Jumping across from one corner to another, the western edge of Northern New Jersey feels like a bigger and broader version of Connecticut. The hills are larger and longer, the specimen trees are still mighty, and the exposed rock basically amounts to cliffs. Whereas the trees and landforms of Connecticut make for feelings of contained intimacy, the long, sloping fields found on courses like North Jersey and Somerset Hills are open and pastoral, offering big views of the golf all across the property. Architecturally, these two courses are as compelling as their settings are beautiful: North Jersey features an impressive set of heavily contoured Walter Travis greens (and Travis re-creations by Schneider), and Somerset Hills has the most eccentric version of Tillinghast’s work. With the remnants of an old racetrack and orchard integrated into the design and some bold early examples of Tilly’s design mind at play – the redan second, the undulating fifth green, the ‘Dolomite’ mounds guarding the finish of both four and six, the Principal’s Nose 13th, and the dynamic 14th green – Somerset’s combination of history, originality, and sense of place are almost unmatched in the world of golf.
Southward in central Jersey, the ground settles down a lot, but the golf does not. At Forsgate and Hollywood, it would seem as if the architects turned up the dial to compensate for the simpler pieces of land upon they had.
At Forsgate, MacDonald and Raynor protégé Charles “Steamshovel” Banks employed the trio’s typical tact of highly “built” template holes and features, but it feels like the greens and bunkers are bigger and bolder than their standard effort. Several of my more Banks-savvy colleagues agree with that feeling. What impresses me most about Forsgate though isn’t just the scale of the bunkers and greenpads, it’s the variety of the internal contouring in the greens, which make for all sorts of fun, tricky approach shots and recoveries. That’s the stuff that really makes a course hold its intrigue and value over time.
Closer to the shore, Hollywood is perhaps the boldest and quirkiest effort of an architect known for such. That architect would be Walter Travis again, who, as was apparent at North Jersey, is one of the greatest sculptors of greens to ever live. His preserved works are essential pieces of study for any golf architect or shaper. At Hollywood, though, it’s not just the greens worthy of study. With 180 bunkers ranging in scale from shoulder-width pits to expanses larger than the greens, the sand features will immediately grab your attention (and possibly even overwhelm you). What I really like though is the way the landforms of the bunkers are shaped, which is often abrupt, pointy, and generally unusual. They were made to be “natural,” yet they were not built at a long or large enough scale to properly tie-in to the surrounding land and sell that. However, I find it more intriguing that they don’t really sell the “natural” story; instead, there’s a unique and handcrafted charm to them that stands apart in the golf world.

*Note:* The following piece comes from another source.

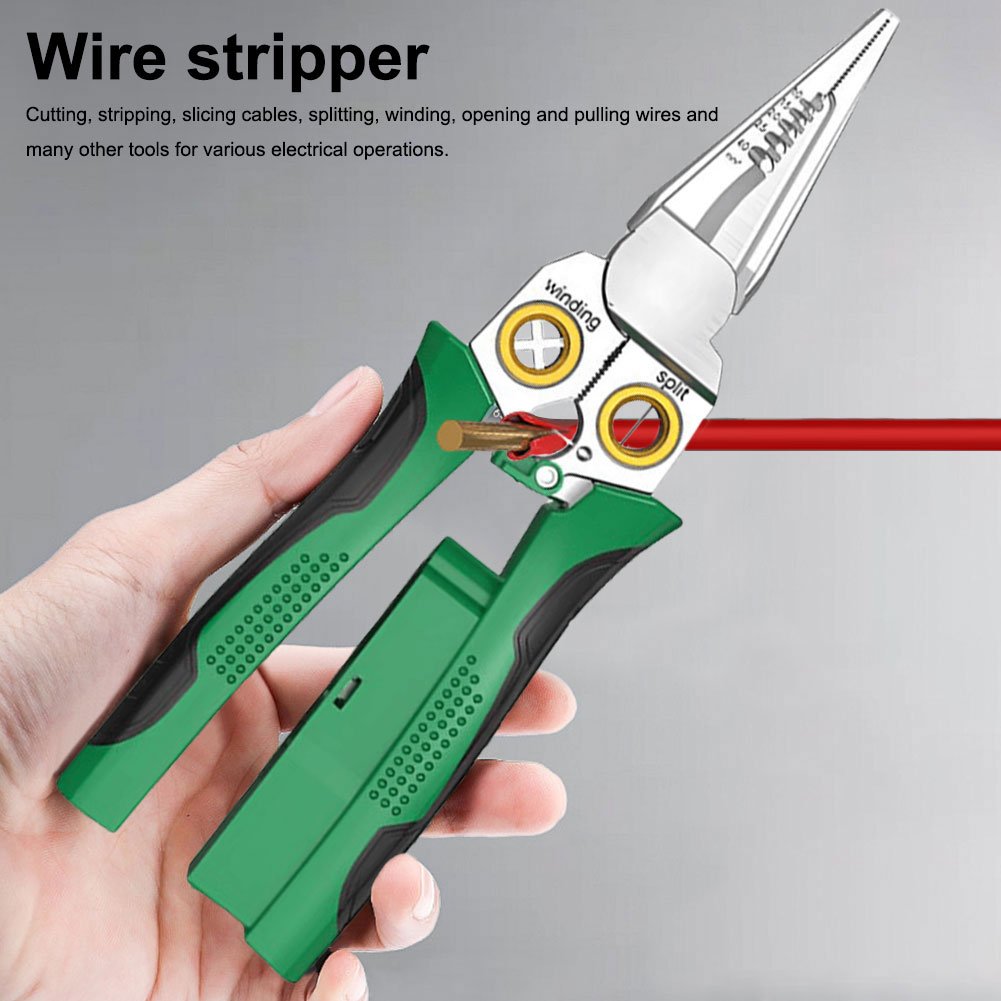 Hjemix | 8 i 1 Ledningsstripper Twister for Kutting og Trekking av Ledninger, Kabelsakser, Spenningsmåler Tenger, 12V til 250V Live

Jumping across the bays and boroughs to Long Island – home to perhaps the greatest overall collection of courses in the world – the first stop, Garden City Golf Club, is spaciously laid out across the Hempstead Plain.
My visit to Garden City was 22 years in the making, and after finally getting there, it did not disappoint. I’ve long held the belief that the interest of a golf course’s design should not be held back by a site with limited contouring, especially if that site has sandier, well-draining soil. I also contend you do not need to move mountains to create that interest. Now, the features that were created at Garden City in the early decades of the 20th century, first by Emmet and later Travis, may have been the equivalent of mountain-moving back then, but what you see today is rather lay-of-the-land, just with a bunch of pits, hummocks, berms, trenches, and bits of funk mixed in. Those period features contrast wonderfully to simple, wide fairways and greens that sit flush on the landscape, often with a tilt accelerating toward a corner, waiting to siphon up any timidly played shots. There’s a brilliant mix of subtle and bold, and the fast and firm surfaces maximize the playing width and strategies within. This is absolutely one of those courses that you’d never really get bored playing.
While Garden City was Emmet’s first real design effort, he later concentrated more of that at St. George’s. Halfway down Long Island, St. George’s was to Emmet as Pinehurst was to Donald Ross. The land at St. George’s is strikingly dramatic and tumbling, and it smacks you right in the face as you round a corner on Sheep Pasture Road, which bisects the north and south sides of the property. Upon this first sight, I audibly shouted in my rental car, “Holy cow! Look at that!” That land immediately reminded me of some courses in Michigan, and it was then I remembered that Long Island was geologically formed the same way – through glacial deposits and recession – and has much of the same sandier, gravelly soil.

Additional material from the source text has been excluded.